Marink : Comment avez-vous été amené à travailler dans les jeux vidéo ?
J'ai travaillé pour une agence artistique japonaise. Plusieurs de mes projets d'illustration ont remporté un certain succès. À partir de là, Sony Creative Products, une filiale basée au Japon, m'a demandé de concevoir des personnages mignons pour une gamme de jouets. Les formidables concepteurs et responsables de Sony Creative m'ont présenté Masaya Matsuura et son collaborateur. C'étaient de véritables stars de la pop chez Sony Music Japan, et ils travaillaient alors sur un logiciel de musique expérimentale pour la PS one, qui n'était pas encore sortie. Ils connaissaient mon travail grâce à mes livres pour enfants et mes projets sur CD-ROM. Ils ont donc été ravis que je me trouve à Tokyo et m'ont demandé de participer au projet qui allait devenir PaRappa the Rapper.
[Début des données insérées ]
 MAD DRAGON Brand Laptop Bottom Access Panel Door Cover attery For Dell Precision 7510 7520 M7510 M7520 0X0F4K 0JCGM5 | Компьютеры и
AlienHunter : À part PaRappa, quel jeu vidéo est selon vous le plus original ou réussi du point de vue artistique ?
J'adorais Super Mario sur Super Nintendo. Je ne m'en lassais jamais. Dans le milieu des années 90, j'ai été inspiré par un drôle de jeu Macintosh, The Manhole. Ses créateurs ont ensuite développé le merveilleux MYST. J'ai également rencontré les développeurs de Starship Warlock. Cela m'a ouvert tout un champ de possibilités. Récemment, je me suis bien amusé avec LocoRoco sur PSP.
Ao Neko Amaru : Si vous deviez créer un cahier de coloriage PaRappa pour les enfants et que vous ne pouviez inclure que trois crayons de couleur, quelles couleurs choisiriez-vous ?
Le bleu, l'orange et le vert.
Pour en savoir plus sur Rodney Greenblat et son oeuvre, visitez le site whimsyload.com.
Un grand merci à tous nos forumeurs pour leurs questions. Vous recevrez chacun une peluche PaRappa inspirée du personnage créé par Rodney Greenblat.